*Work to complete*. Retype every record exactly as it appears.

*Material for the task*.

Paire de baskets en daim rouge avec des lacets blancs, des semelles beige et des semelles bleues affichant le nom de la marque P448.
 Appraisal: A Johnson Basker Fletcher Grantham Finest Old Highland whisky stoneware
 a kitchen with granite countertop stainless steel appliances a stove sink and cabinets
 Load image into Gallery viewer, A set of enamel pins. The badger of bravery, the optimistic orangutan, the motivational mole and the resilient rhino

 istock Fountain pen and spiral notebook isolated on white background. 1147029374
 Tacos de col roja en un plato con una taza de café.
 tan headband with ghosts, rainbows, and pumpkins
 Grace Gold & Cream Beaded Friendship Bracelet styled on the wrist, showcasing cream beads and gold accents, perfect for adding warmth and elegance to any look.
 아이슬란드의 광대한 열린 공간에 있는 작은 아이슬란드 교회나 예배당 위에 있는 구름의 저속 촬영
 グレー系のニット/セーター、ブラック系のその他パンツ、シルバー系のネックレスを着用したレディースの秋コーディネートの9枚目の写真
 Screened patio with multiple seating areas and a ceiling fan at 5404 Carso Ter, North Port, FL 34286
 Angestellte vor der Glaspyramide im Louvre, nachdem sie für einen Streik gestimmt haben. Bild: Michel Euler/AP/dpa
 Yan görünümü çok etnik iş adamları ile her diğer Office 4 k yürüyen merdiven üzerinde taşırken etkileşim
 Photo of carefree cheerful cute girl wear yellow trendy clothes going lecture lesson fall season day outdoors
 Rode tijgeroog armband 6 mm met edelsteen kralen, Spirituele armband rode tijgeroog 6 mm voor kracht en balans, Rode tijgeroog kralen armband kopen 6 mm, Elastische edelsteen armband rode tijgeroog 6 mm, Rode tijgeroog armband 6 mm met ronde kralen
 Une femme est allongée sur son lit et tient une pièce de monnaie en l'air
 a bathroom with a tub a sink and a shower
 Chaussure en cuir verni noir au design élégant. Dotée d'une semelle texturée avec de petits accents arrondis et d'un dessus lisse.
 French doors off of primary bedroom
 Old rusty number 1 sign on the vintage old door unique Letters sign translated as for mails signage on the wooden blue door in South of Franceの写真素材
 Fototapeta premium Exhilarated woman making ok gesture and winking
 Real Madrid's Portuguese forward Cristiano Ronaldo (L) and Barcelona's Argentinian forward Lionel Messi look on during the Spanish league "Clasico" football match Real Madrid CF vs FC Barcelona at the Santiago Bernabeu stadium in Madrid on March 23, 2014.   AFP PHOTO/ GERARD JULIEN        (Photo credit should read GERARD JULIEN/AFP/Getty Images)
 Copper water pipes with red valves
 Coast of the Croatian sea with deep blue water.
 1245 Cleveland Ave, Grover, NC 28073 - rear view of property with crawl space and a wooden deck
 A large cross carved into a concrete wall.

*Response box*.
Paire de baskets en daim rouge avec des lacets blancs, des semelles beige et des semelles bleues affichant le nom de la marque P448.
 Appraisal: A Johnson Basker Fletcher Grantham Finest Old Highland whisky stoneware
 a kitchen with granite countertop stainless steel appliances a stove sink and cabinets
 Load image into Gallery viewer, A set of enamel pins. The badger of bravery, the optimistic orangutan, the motivational mole and the resilient rhino

 istock Fountain pen and spiral notebook isolated on white background. 1147029374
 Tacos de col roja en un plato con una taza de café.
 tan headband with ghosts, rainbows, and pumpkins
 Grace Gold & Cream Beaded Friendship Bracelet styled on the wrist, showcasing cream beads and gold accents, perfect for adding warmth and elegance to any look.
 아이슬란드의 광대한 열린 공간에 있는 작은 아이슬란드 교회나 예배당 위에 있는 구름의 저속 촬영
 グレー系のニット/セーター、ブラック系のその他パンツ、シルバー系のネックレスを着用したレディースの秋コーディネートの9枚目の写真
 Screened patio with multiple seating areas and a ceiling fan at 5404 Carso Ter, North Port, FL 34286
 Angestellte vor der Glaspyramide im Louvre, nachdem sie für einen Streik gestimmt haben. Bild: Michel Euler/AP/dpa
 Yan görünümü çok etnik iş adamları ile her diğer Office 4 k yürüyen merdiven üzerinde taşırken etkileşim
 Photo of carefree cheerful cute girl wear yellow trendy clothes going lecture lesson fall season day outdoors
 Rode tijgeroog armband 6 mm met edelsteen kralen, Spirituele armband rode tijgeroog 6 mm voor kracht en balans, Rode tijgeroog kralen armband kopen 6 mm, Elastische edelsteen armband rode tijgeroog 6 mm, Rode tijgeroog armband 6 mm met ronde kralen
 Une femme est allongée sur son lit et tient une pièce de monnaie en l'air
 a bathroom with a tub a sink and a shower
 Chaussure en cuir verni noir au design élégant. Dotée d'une semelle texturée avec de petits accents arrondis et d'un dessus lisse.
 French doors off of primary bedroom
 Old rusty number 1 sign on the vintage old door unique Letters sign translated as for mails signage on the wooden blue door in South of Franceの写真素材
 Fototapeta premium Exhilarated woman making ok gesture and winking
 Real Madrid's Portuguese forward Cristiano Ronaldo (L) and Barcelona's Argentinian forward Lionel Messi look on during the Spanish league "Clasico" football match Real Madrid CF vs FC Barcelona at the Santiago Bernabeu stadium in Madrid on March 23, 2014.   AFP PHOTO/ GERARD JULIEN        (Photo credit should read GERARD JULIEN/AFP/Getty Images)
 Copper water pipes with red valves
 Coast of the Croatian sea with deep blue water.
 1245 Cleveland Ave, Grover, NC 28073 - rear view of property with crawl space and a wooden deck
 A large cross carved into a concrete wall.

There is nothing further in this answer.